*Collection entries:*

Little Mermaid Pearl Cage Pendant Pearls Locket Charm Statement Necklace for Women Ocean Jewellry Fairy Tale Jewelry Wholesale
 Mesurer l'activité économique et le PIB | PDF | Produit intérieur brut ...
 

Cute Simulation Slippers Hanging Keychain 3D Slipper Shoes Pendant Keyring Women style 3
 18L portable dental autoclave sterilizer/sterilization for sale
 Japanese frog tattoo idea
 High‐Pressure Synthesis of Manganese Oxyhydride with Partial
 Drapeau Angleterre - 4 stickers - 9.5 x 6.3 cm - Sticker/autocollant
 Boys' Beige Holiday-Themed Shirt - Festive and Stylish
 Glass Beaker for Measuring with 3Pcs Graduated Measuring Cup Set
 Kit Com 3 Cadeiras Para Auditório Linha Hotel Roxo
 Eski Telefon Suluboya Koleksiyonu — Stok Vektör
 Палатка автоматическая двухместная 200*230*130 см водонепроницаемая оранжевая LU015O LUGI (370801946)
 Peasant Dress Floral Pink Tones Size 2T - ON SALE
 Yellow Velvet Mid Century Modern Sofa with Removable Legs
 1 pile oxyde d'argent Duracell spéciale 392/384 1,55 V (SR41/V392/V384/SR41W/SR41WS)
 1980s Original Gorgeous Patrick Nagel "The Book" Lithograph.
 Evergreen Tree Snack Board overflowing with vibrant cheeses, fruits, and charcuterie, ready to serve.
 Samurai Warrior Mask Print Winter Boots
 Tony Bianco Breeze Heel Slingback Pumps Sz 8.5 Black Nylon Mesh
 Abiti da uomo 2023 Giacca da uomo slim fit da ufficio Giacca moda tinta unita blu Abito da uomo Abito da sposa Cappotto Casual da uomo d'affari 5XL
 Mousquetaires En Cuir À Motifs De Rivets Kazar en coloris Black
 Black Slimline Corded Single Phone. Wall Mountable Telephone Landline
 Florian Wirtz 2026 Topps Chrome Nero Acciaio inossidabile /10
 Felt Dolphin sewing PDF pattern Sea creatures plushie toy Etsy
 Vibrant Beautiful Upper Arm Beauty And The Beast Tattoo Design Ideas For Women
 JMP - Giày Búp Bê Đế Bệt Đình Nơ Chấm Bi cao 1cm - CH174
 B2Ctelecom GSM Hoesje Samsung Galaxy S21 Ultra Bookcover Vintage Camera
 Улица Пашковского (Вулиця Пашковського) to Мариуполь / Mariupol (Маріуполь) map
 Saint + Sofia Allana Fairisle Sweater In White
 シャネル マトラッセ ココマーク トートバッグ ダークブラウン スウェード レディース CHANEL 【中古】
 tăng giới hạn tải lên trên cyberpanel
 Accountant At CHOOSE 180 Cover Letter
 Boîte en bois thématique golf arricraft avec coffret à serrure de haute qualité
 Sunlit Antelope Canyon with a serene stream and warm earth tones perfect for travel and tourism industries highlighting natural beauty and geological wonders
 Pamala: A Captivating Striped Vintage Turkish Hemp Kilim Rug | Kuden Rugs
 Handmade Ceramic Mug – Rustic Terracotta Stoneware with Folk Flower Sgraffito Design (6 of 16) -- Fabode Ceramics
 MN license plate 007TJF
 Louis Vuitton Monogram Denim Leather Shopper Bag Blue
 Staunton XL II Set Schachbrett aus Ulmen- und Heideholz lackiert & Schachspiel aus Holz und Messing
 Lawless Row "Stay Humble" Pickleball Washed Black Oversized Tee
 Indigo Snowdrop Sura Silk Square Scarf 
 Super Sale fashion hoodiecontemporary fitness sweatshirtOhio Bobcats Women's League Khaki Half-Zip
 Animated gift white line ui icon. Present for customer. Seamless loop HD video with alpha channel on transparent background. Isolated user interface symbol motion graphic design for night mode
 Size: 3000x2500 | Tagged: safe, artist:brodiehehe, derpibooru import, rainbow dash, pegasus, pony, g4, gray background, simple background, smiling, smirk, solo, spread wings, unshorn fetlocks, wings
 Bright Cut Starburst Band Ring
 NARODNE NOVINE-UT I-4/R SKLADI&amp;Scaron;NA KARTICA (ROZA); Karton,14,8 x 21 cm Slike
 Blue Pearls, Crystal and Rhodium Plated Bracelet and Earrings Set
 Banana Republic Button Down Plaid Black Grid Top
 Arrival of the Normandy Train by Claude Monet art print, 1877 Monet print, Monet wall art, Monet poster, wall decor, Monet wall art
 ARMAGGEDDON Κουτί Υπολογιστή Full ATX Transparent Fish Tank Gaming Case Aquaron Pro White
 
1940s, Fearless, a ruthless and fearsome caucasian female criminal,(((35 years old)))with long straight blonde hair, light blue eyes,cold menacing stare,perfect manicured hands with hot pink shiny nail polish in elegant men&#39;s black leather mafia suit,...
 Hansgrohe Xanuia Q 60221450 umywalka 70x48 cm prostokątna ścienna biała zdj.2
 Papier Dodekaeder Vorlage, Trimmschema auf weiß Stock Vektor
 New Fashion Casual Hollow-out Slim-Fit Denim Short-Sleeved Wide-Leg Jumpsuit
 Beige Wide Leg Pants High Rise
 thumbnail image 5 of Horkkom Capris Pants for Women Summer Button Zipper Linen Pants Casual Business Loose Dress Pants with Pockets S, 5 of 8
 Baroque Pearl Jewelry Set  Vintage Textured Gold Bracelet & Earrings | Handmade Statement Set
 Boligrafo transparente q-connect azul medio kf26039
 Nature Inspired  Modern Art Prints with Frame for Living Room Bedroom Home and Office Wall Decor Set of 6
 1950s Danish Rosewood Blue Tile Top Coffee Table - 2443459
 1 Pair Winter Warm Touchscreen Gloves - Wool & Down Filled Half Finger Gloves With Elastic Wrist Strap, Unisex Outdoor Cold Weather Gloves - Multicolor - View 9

*TASK ITEM:* Your reply is to repeat, unchanged, the lines above running from the one with "NARODNE NOVINE-UT I-4/R" up to and including the one with "ARMAGGEDDON Κουτί Υπολογιστή".

*ANSWER FOR THE TASK:*
 NARODNE NOVINE-UT I-4/R SKLADI&amp;Scaron;NA KARTICA (ROZA); Karton,14,8 x 21 cm Slike
 Blue Pearls, Crystal and Rhodium Plated Bracelet and Earrings Set
 Banana Republic Button Down Plaid Black Grid Top
 Arrival of the Normandy Train by Claude Monet art print, 1877 Monet print, Monet wall art, Monet poster, wall decor, Monet wall art
 ARMAGGEDDON Κουτί Υπολογιστή Full ATX Transparent Fish Tank Gaming Case Aquaron Pro White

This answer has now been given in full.